Having a clear technological strategy is a major requirement for those financial institutions that want to survive the digital revolution, transform, and thrive in the new environment. Experts are convinced that AI is the future of banking. Large banks often have their in-house Research and Developments teams, while others have to rely on the expertise of tech giants and start-ups.
There are several ways that AI can be used to make banks more efficient, prevent fraud, and improve customer experience. Let’s take a look at the top five use cases of AI in the banking sector.
Old-time call centers were notorious for being the weakest links when it came to customer experience. Long waiting times and frequent inability of bank representatives to resolve the issues plagued customer support. With AI taking over this niche, clients of various financial institutions can receive answers to their questions at any time of the day or night without being confined to the bank’s usual working hours. Those customers who prefer not to interact with a human bank worker are relieved to have their information provided by an automatic service.
For those who still want to have a human specialist answering questions, there are customer service representatives. But with the help of AI, they are now much more productive and efficient, being able to help more clients in the same amount of time.
Two of the most common solutions in this niche are chatbots and virtual assistants. Generic customer questions that take up about 80-90 percent of the queries can be solved with the help of virtual assistants and chatbots connected to a Q&A database. Customer service representatives have their time freed to deal with more complex client issues that require human supervision.
While modern chatbots are still rather simple digital machines, technologies like predictive analytics and machine learning already make them useful in raising customer awareness about additional offerings, programs, and bonuses. With chatbots, customers can have a truly personalized experience, because AI can deduce the offers that are suitable to them, the best time to send those offers, and the right device to display the information.
Chatbots can also be used internally for onboarding new workers and freeing managers from answering typical questions from their subordinates to focus on more important tasks. Virtual assistants and chatbots have proven to be a blessing during the pandemic because they reduced potentially risky human behavior and most customers were able to successfully use banking services and resolve their issues through digital means.

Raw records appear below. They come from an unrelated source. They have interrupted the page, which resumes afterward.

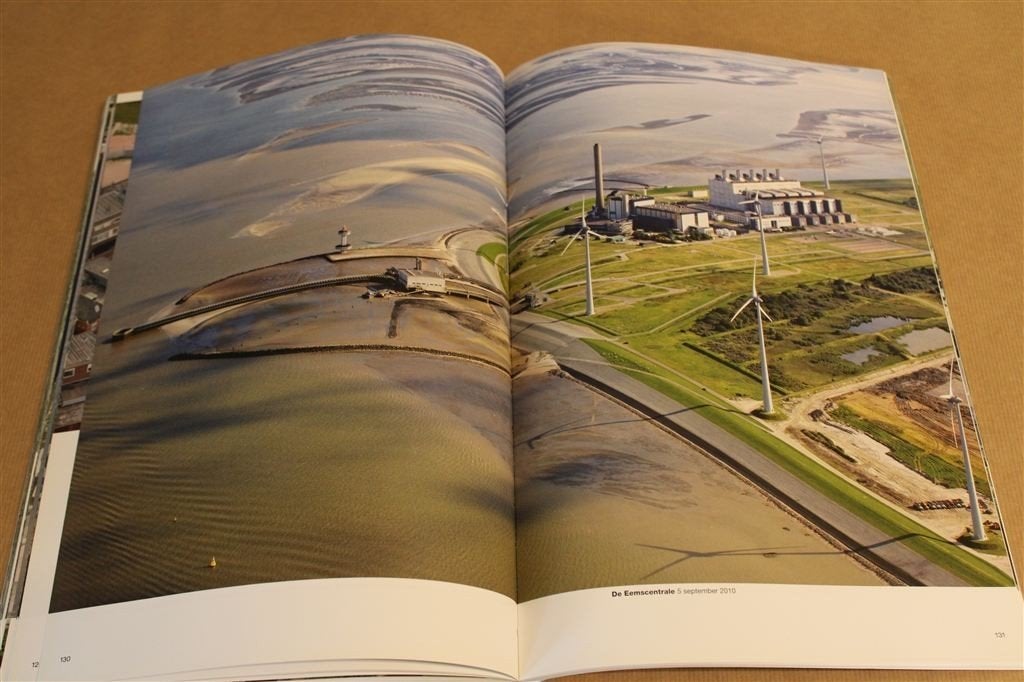 Groningen onbewolkt. Luchtfoto's., Boeken, Ophalen of Verzenden, Zo goed als nieuw
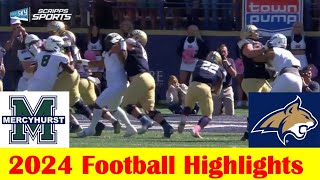 Mercyhurst vs Montana State Football Game Highlights 9 21 2024 [upl. by Alexis]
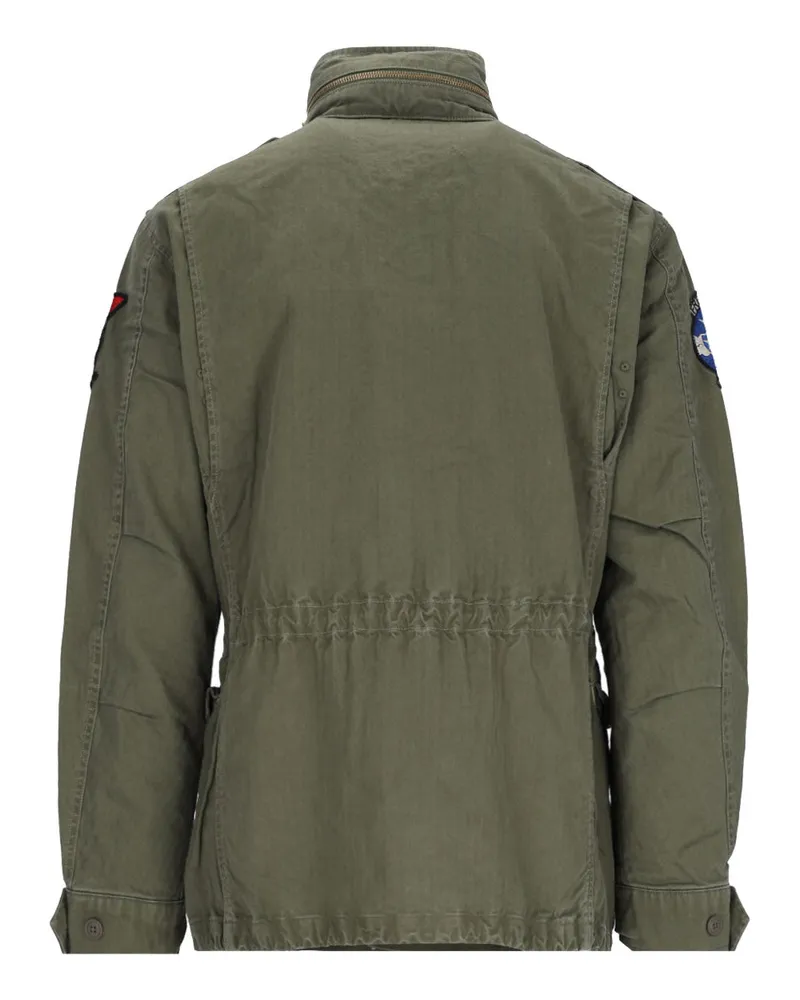 Ralph Lauren Men's Jackets Green Cotton Green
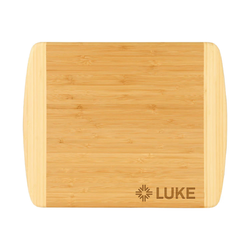 Image of Bamboo Two Tone Cutting Board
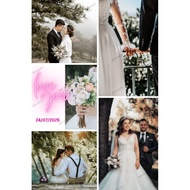 Servis edit gambar kahwin murah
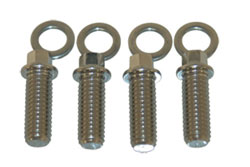 Header Bolt Kit, Stainless Steel 6 Point Header Bolt Kit with 5/16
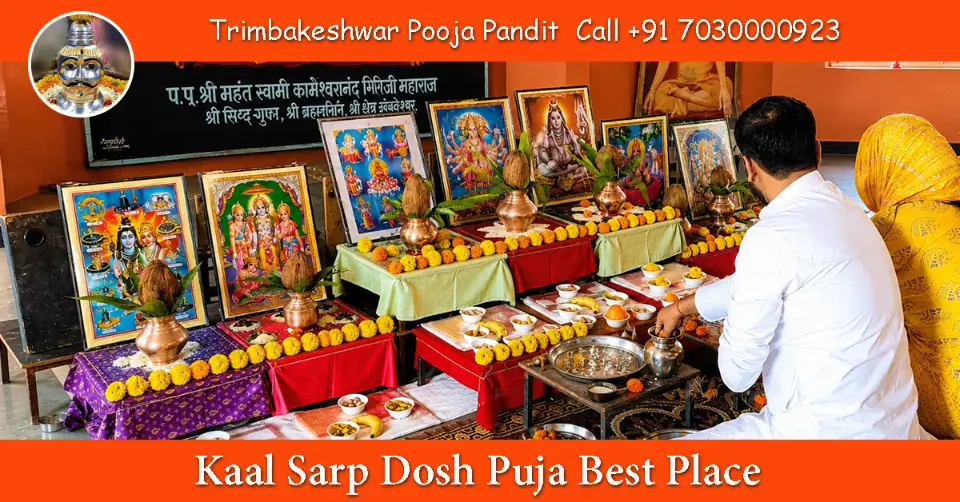 Kaal Sarp Dosh Puja Best Place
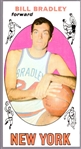 1969-70 Topps Bskbl. #43 Bill Bradley RC, Knicks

Modern banking is mostly digital when it comes to day-to-day operations, but some of the processes are still paperwork-heavy and require a lot of human involvement. This sometimes leads to unforeseen losses and risks due to human negligence or error. AI software can mimic tasks and operations performed by bank workers if they rely on a set of instructions.
Digital machines can fully automate rule-based tasks, eliminating the potential for human error. Robotic process automation also greatly reduces the time needed to perform these tasks, bringing down the overhead costs. Banks can fully delegate tasks like entering data from forms, contracts, and other sources to robots. For example, the software can recognize handwriting in various languages from documents and forms, then use natural language processing to adapt, merge, and store this information to process the customer’s application.
Fraud detection is the area where AI in banking is vastly superior to even the best-trained human specialists. Machines process an incredible amount of data in seconds, pushing it through a number of algorithms designed to detect fraudulent activity. More importantly, the software can distinguish between false positives and real instances of fraud better than any human. For example, if a bank client had to travel a lot to different countries, previously they were at risk of getting blocked and having their credit card declined due to suspicious activity. With AI, they can use their credit cards at any location without worries. But the system will detect an unusual behavior pattern and warn the user immediately if there’s criminal activity concerning their cards and accounts.
Banks are using AI to decide the credit score and potential risks associated with their borrowers. Customer references, national credit score system, credit history, and previous banking transactions have been traditionally used to assess a client’s creditworthiness. However, this process is rather complicated and often leads to misclassifying borrowers and having their loan applications denied. AI can look at patterns in the client’s behavior, analyze the information previously processed by a human, and assess the risk better, providing a clear picture of whether the client is going to default on a loan or not.
AI machines can be incredible helpers when it comes to making decisions about investing or trading assets. Some financial companies are already using AI software applications to search the market for potential investment opportunities and supply trading robots with data. By using more precise models and being able to sift through tons of data, AI can find additional opportunities overlooked even by experienced traders and hedge fund managers. The software can even provide personalized advice on portfolio management that takes into account assets, market sectors, and investment strategies preferred by the customer.
AI is the future of the financial industry. Top US banks are integrating AI technologies into their day-to-day operations. With AI solutions, customers can receive a personalized user experience and access to banking services at any time of day or night. Banks are able to monitor fraud, make better loan decisions, find new investment opportunities, and bring down overhead costs.